Последней сколько-нибудь заметно нашумевшей школой в русской поэзии ХХ века был имажинизм. Это направление было создано в 1919 году (первая “Декларация” имажинизма датирована 30 января) , следовательно, через два года после революции, но по всей идеологии это течение с революцией не имело.
Главой “имажинистов” стал Вадим Шершеневич – поэт, начавший с символизма, со стихов, подражающих Бальмонту, Кузмину и Блоку, в 1912 году выступавший, как один из вождей эго-футуризма и писавший “поэзы” в духе Северянина и только в послереволюционные годы создавший свою “имажинистскую” поэзию.
Так же, как и символизм и футуризм, имажинизм зародился на Западе и лишь оттуда был пересажен Шершеневичем на русскую почву. И так же, как символизм и футуризм, он значительно отличался от имажинизма западных поэтов.
Имажинизм явился реакцией, как против музыкальности поэзии символизма, так и против вещественности акмеизма и словотворчества футуризма. Он отверг всякое содержание и идеологию в поэзии, поставив во главу угла образ. Он гордился тем, что у него “нет философии” и “логики мыслей” .
Свою апологию образа имажинисты ставили в связь так же с быстротой темпа современной жизни.
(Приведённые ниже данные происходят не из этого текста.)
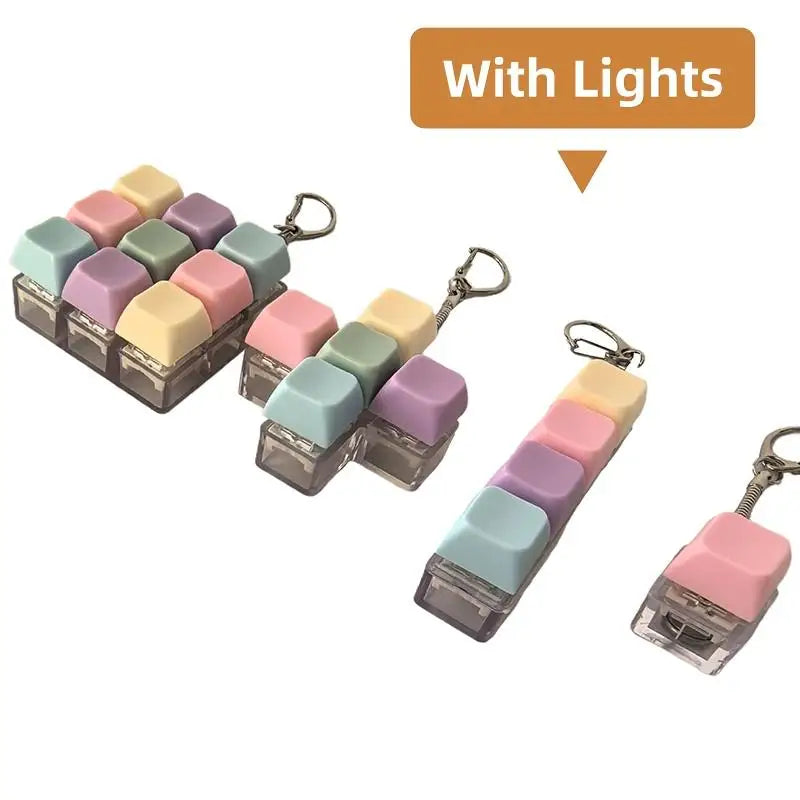 LED 9-Key Fidget Keyboard Keychain Toy for Kids & Adults LED Fidget Keychain Toy Babs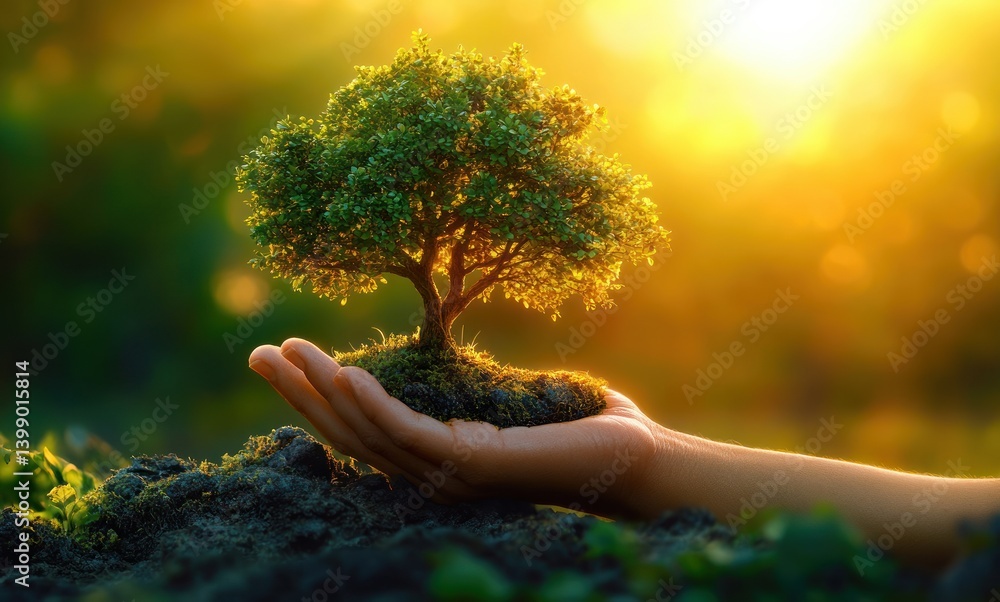 Earth Day Celebration with Hands of Nature Holding Growing Tree Seedlings in a Surreal Green Landscape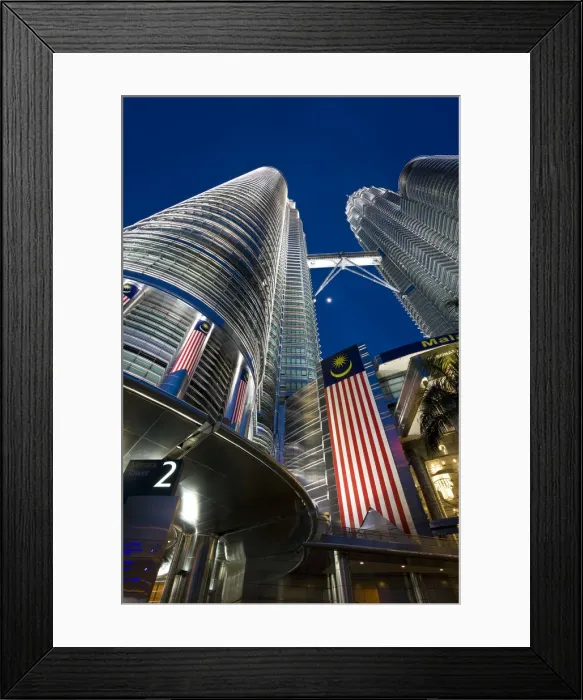 Framed Print : Malaysia, Kuala Lumpur, Petronas Towers and Malaysian national flag Framed Print : Malaysia, Kuala Lumpur, Petronas Towers and Malaysian national flag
По их мнению образ – самое ясное, лаконичное, наиболее соответствующее веку автомобилей, радиотелеграфа, аэропланов. “Что такое образ? – кратчайшее расстояние с наивысшей скоростью” . Во имя “скорости” передачи художественных эмоций имажинисты, вслед за футуристами, – ломают синтаксис – выбрасывают эпитеты, определения, предлоги сказуемые, ставят глаголы в неопределенном направлении.
По существу, в приемах, так же как и в их “образности” , не было ничего особенно нового. “Имажинизм” , как один из приемов художественного творчества широко использовался не только футуризмом, но и символизмом (например, у Иннокентия Анненского: “Еще не властвует весна, но снежный кубок солнцем выпит” или у Маяковского: “Лысый фонарь сладострастно снимал с улицы черный чулок” ) . Новым было лишь упорство, с которым имажинисты выдвигали образ на первый план и сводили к нему все в поэзии – и содержание и форму.
Наряду с поэтами, связанными с определенными школами, русская поэзия ХХ века дала значительное число поэтов, не примыкающих к ним или примыкающих на некоторое время, но с ними не слившихся и пошедших в конечном счете своим путем.
Увлечение русского символизма прошлым – XVIII веком – и любовь к стилизации нашло свое отражение в творчестве М. Кузмина, увлечение романтическими 20 и 30 годами – в милой интимности и уютности самоваров и старинных уголков Бориса Садовского. То же увлечение “стилизацией” лежит в основе восточной поэзии Константина Липскерова, Мариэты Шагинян и в библейских сонетах Георгия Шенгели, в сафических строфах Софии Парнок и тонких стилизованных сонетах из цикла “Плеяды” Леонида Гроссмана.